See the individual benchmarks: https://github.com/christianscott/levenshtein-distance-bench...

1 comments

And just to help the lazy people, after making the benchmarked loads equivalent, the results are:

hyperfine go/out 'node javascript/main.js' rust/target/release/rust 1 Benchmark #1: go/out

  Time (mean ± σ):      1.888 s ±  0.013 s    [User: 2.040 s, System: 0.045 s]

  Range (min … max):    1.875 s …  1.918 s    10 runs
Benchmark #2: node javascript/main.js

  Time (mean ± σ):      4.257 s ±  0.033 s    [User: 4.295 s, System: 0.042 s]

  Range (min … max):    4.221 s …  4.338 s    10 runs
Benchmark #3: rust/target/release/rust

  Time (mean ± σ):     874.1 ms ±  50.8 ms    [User: 5.688 s, System: 0.830 s]

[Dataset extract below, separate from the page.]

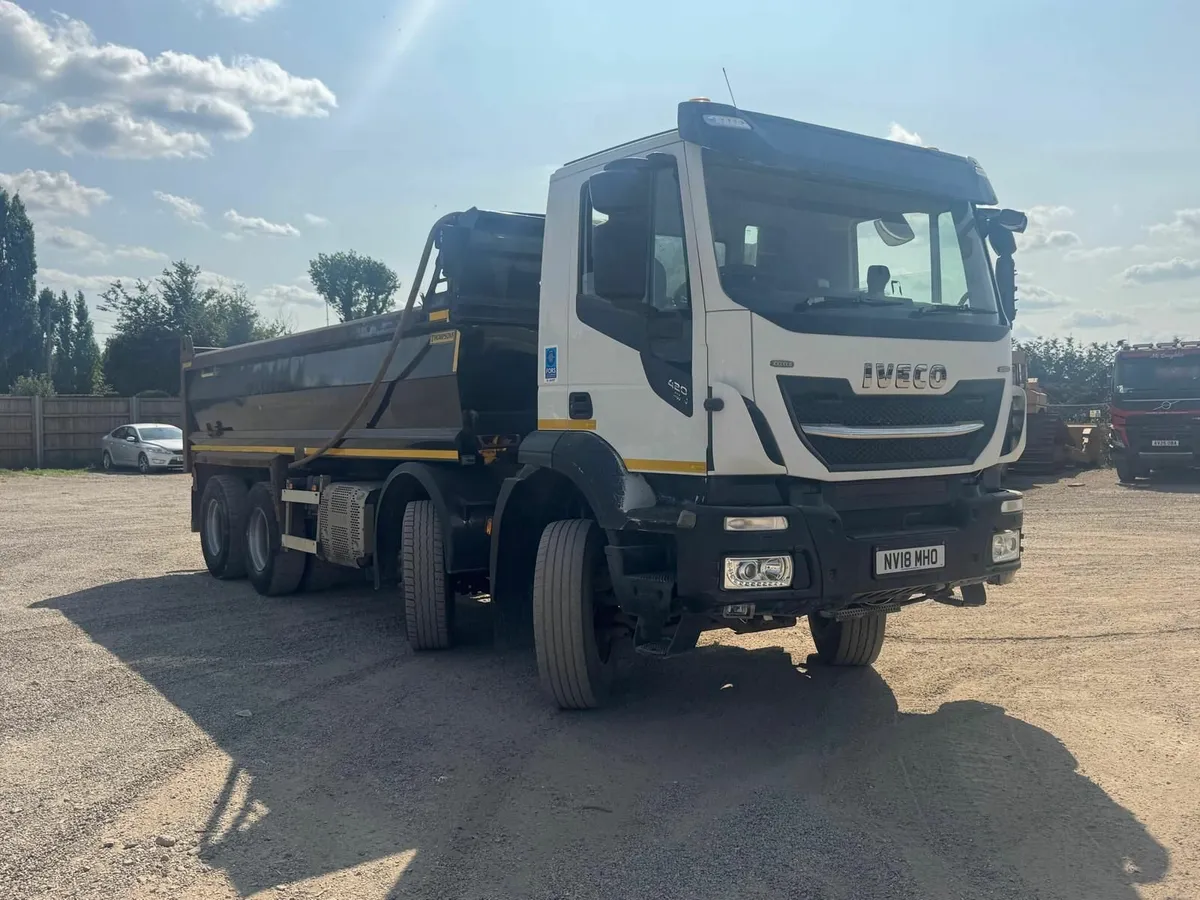 Iveco s way 2018 Tipper 8x4 - Image 1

  Range (min … max):   813.5 ms … 1001.9 ms    10 runs
Summary

  'rust/target/release/rust' ran

    2.16 ± 0.13 times faster than 'go/out'

    4.87 ± 0.29 times faster than 'node javascript/main.js'
It looks like you got that from this PR: https://github.com/christianscott/levenshtein-distance-bench...

That PR does not make the benchmark loads "equivalent." Please look at the diff. That PR adds parallelism to the Rust program. The Go program does not have parallelism.

The Go and Rust program in that benchmark are really not equivalent. Rust is using threads.